First of all, I should say that by Suboxone, I am referring to any medication for opioid addiction treatment (OAT) that contains buprenorphine. There are tablets, or pills, films, or strips, and even weekly and monthly injectables. Some brand names you may have heard of are Suboxone, Subutex, ZubSolv, Sublocade, and Brixadi. There is even a six-month implant named Probuphine. The tablet and film forms of the medications are always taken sublingually, or under the tongue. Alternatives to Suboxone-type drugs include methadone and naltrexone. Methadone is still considered to be the gold standard of MAT, with a success rate of about 75%. The downside of methadone treatment is that you have to go to a clinic on a daily basis to take your medication under observation. This is because methadone is a highly controlled narcotic that can be dangerous if not taken properly. Methadone has the advantage that it can be taken right away, the same day that you quit heroin, fentanyl, oxycodone, Dilaudid, or whatever opioid you may be using. Buprenorphine requires that you wait to go into a mild to moderate withdrawal state before starting the medication. Usually, this means waiting about 24 hours after taking your last drug, though it can be longer in some cases. The other MAT drug, naltrexone, has a high success rate, similar to Suboxone, but you must wait at least one week after your last drug use before starting it. Naltrexone would be an ideal treatment to start after being detoxed and staying in a residential rehab for some time. Overall, when you weigh out the pros and cons of each available medication, Suboxone and other buprenorphine meds are ideal for most patients, balancing lifestyle considerations, side effects, and safety.
Why can’t people just quit drugs and have a little willpower to get through it?

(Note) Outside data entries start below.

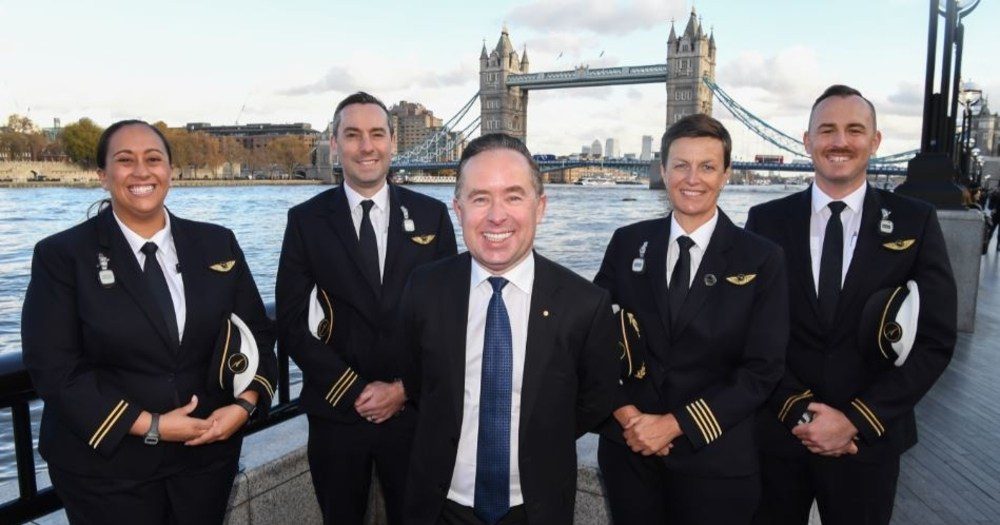 PROJECT SUNRISE: Qantas To Fly London To Sydney Direct Tomorrow
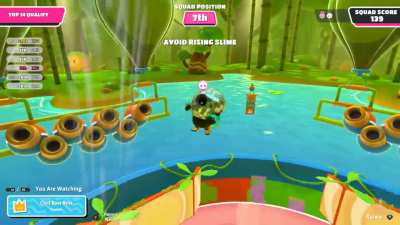 Flying on sum fruit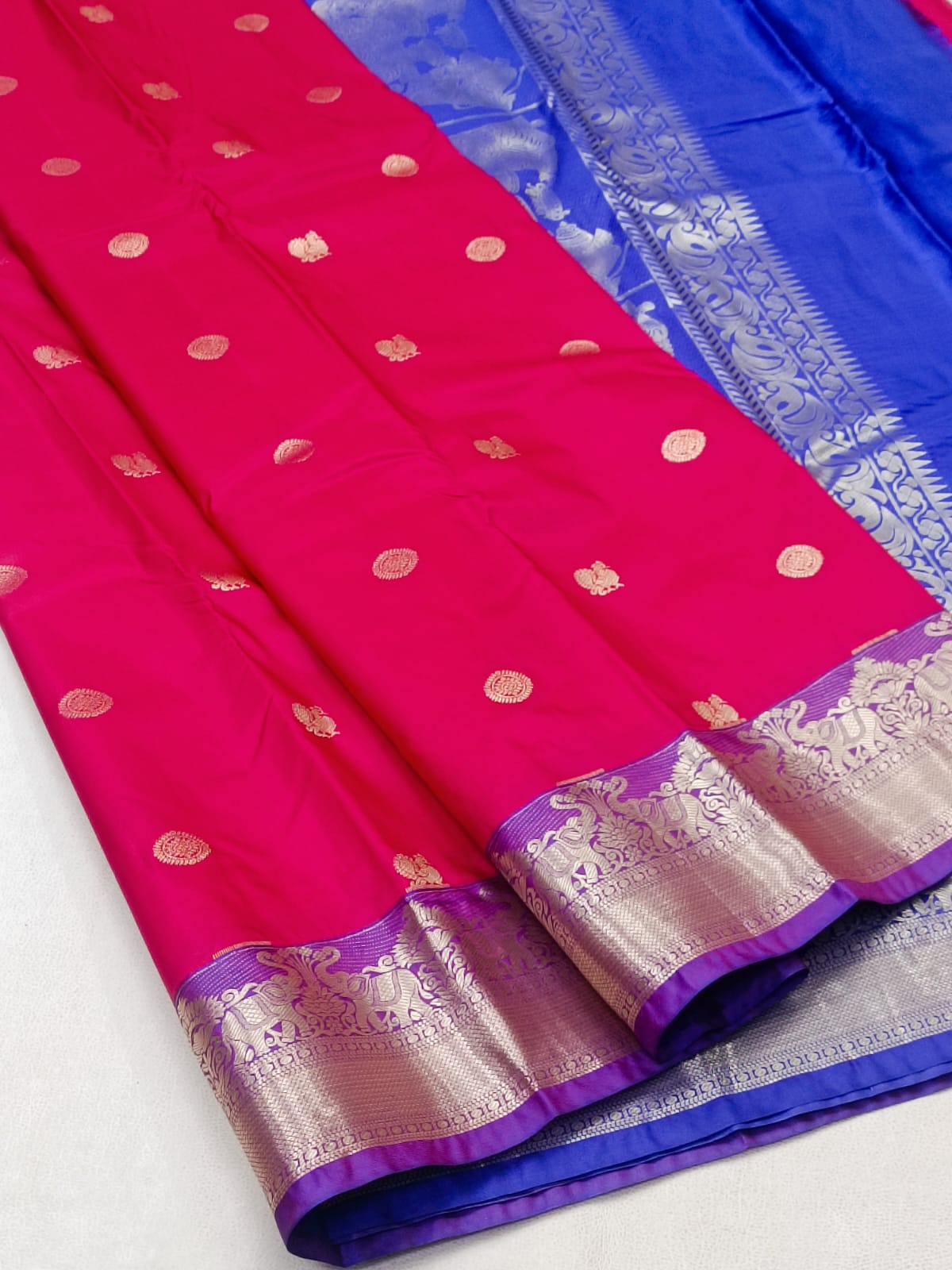Vasundhara Kanjeevaram Silk Saree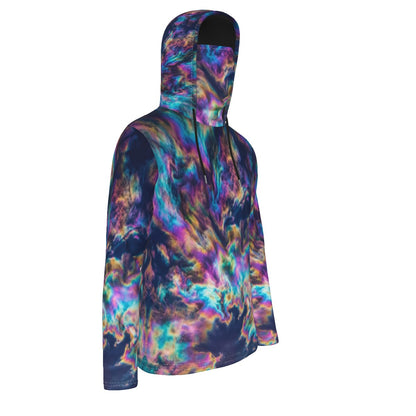 Men's Pullover Hoodie With Mask - view 4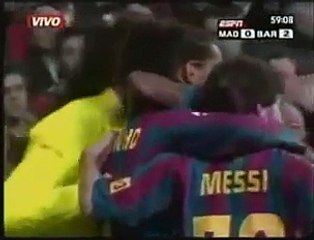 real madrid vs barcelona (luis omar tapia)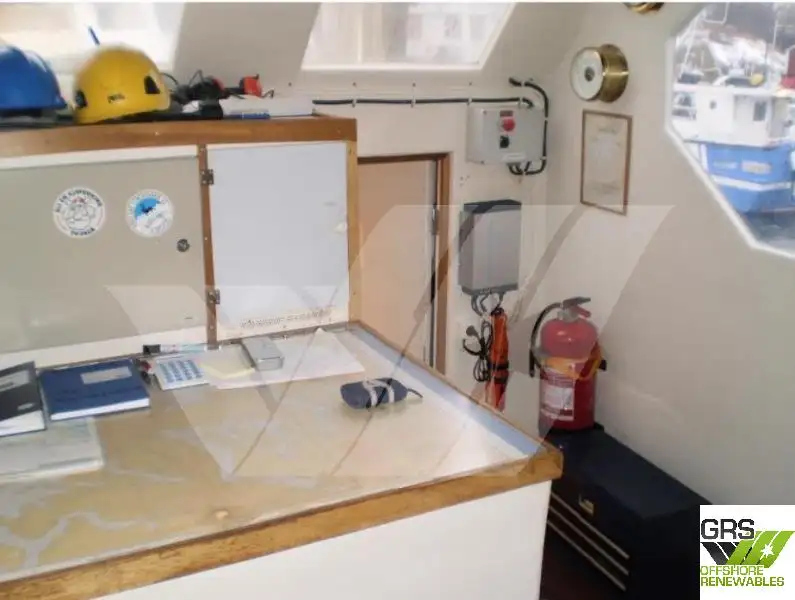 Windpark-Service-Schiff zu verkaufen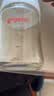贝亲（Pigeon）玻璃奶瓶宽口径防胀气160ml S号奶嘴 1月+ AA186  实拍图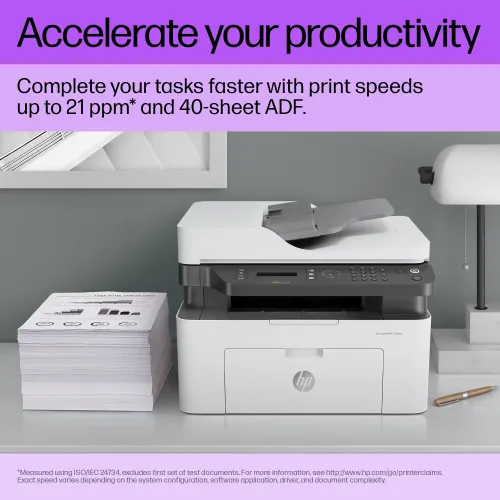 Impresora Multifuncional HP Laserjet MFP137FNW – Suplidora Renma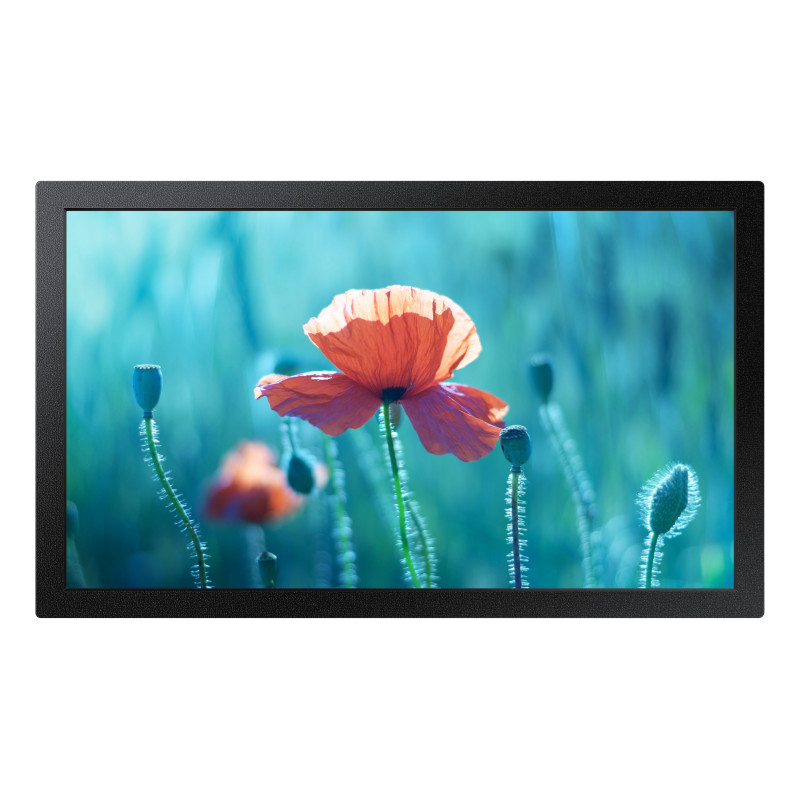 Samsung QB13R-M Écran plat de signalisation numérique 33 cm (13") LCD Wifi 500 cd/m² Full HD Noir Intégré dans le processeur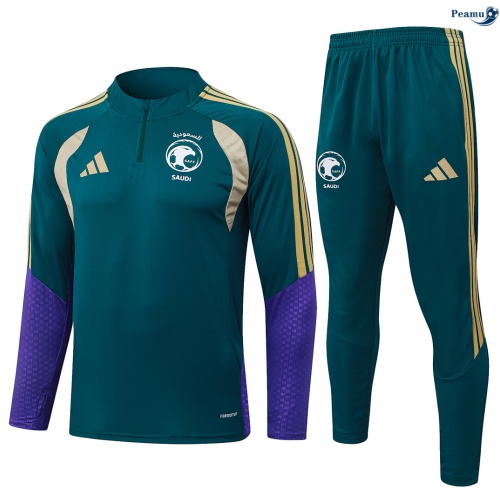 Fato de Treino Arabia Saudita Verde 2026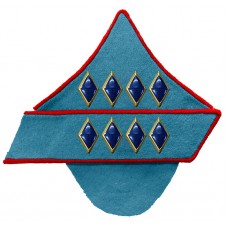 ДИРЕКТОР милиции, петлицы РКМ обр. 1939 г.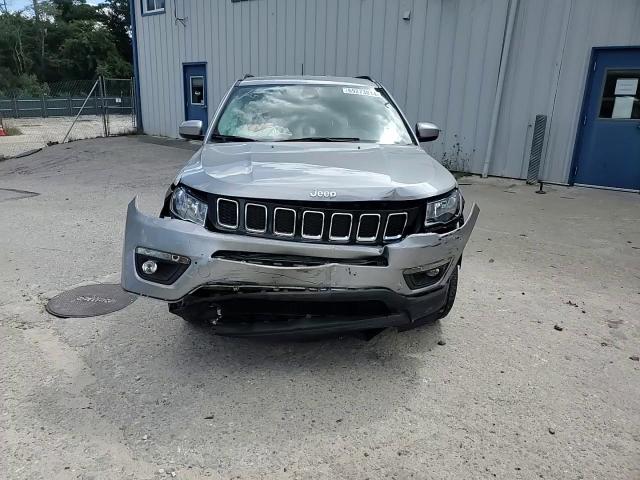 2021 Jeep Compass Latitude VIN: 3C4NJDBB5MT575213 Lot: 69273814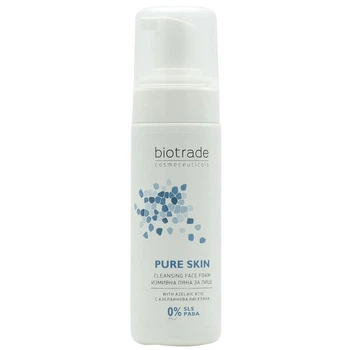 Пінка Biotrade Pure Skin очищаюча з азелаїновою кислотою 150 мл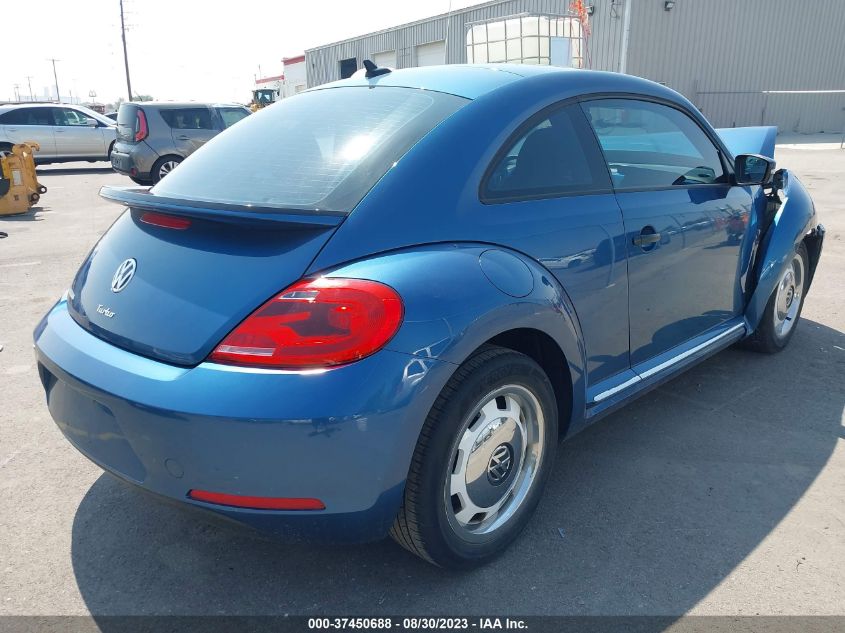 2016 VOLKSWAGEN BEETLE COUPE 1.8T CLASSIC - 3VWF17AT3GM638272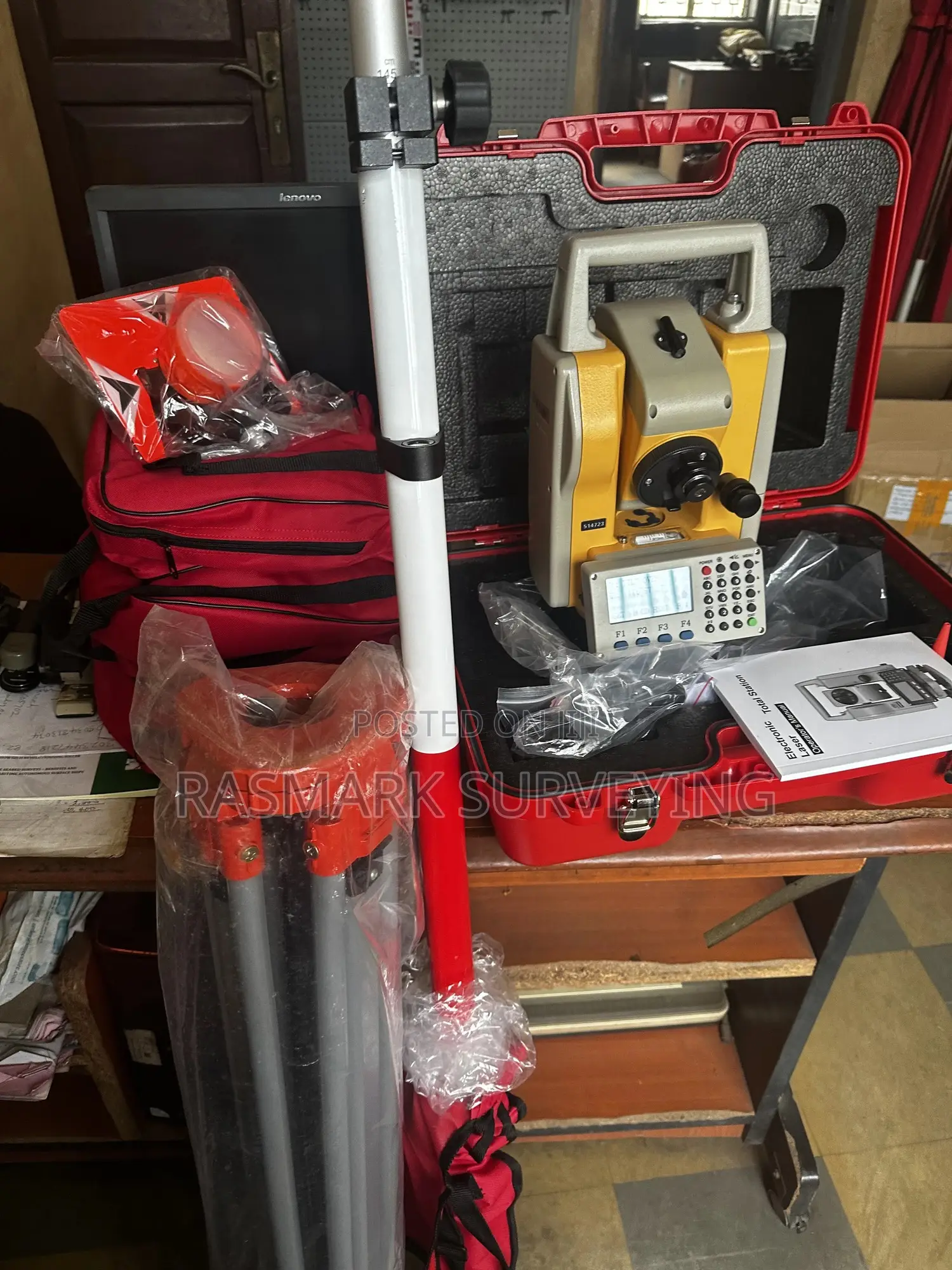 Total Station 2”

I call this the “snap out of it” mentality. There are people who see mental illness in general this way. They believe that people who are depressed, anxious, bipolar, and even schizophrenic, to be attention-seeking, weak-minded people who just need to snap out of it and act more normal. This is unfortunate that conditions that effect the mind are not taken as seriously as physical illness and injury. We all know that a heart attack is serious and requires immediate, emergency treatment, followed by long-term medical care and lifestyle changes. Addiction is just as serious and just as real. Just like you can’t pray away a heart attack, you cannot pray away addiction. While saying a prayer never hurts, it is not enough to treat a real health condition that can have immediate life-threatening consequences. When a person suddenly stops an opiate or opioid, such as heroin or fentanyl, they go into a state of opioid withdrawal within 24 hours or less. By the third day, the symptoms become intense. Opioid withdrawal symptoms have been described as being like the flu times one-hundred. Along with intense physical sickness comes severe drug cravings. Imagine suffering like this, knowing that just using opioids “one more time” will take away all of the bad feelings. Anyone who has not experienced this has no right to say that anyone else should just “tough it out”.
The future of medical addiction treatment.
As I discussed earlier, there is research being done now on novel drugs that may be useful in conjunction with Suboxone or even in place of it. Suboxone-type drugs are also being improved. Brixadi is an existing injectable buprenorphine that can be given weekly or monthly. It should be available in the US soon. Advances continue in the fields of psychology and psychiatry as well. Lance Dodes, M.D., of the Boston Psychoanalytic Society and Institute has described in his books a model of addiction based on years of study that are innovative and can help us to see addiction in a new light. People who are addicted to drugs or behaviors are no different from anyone else. They are real human beings who deserve our attention and respect. We can do our part by providing harm reduction strategies, such as Narcan/Naloxone spray and injection as well as other supportive programs to keep our loved-ones safe. Additionally, we can work together to make medical treatment for opioid addiction and all forms of addiction more readily available for everyone who needs it.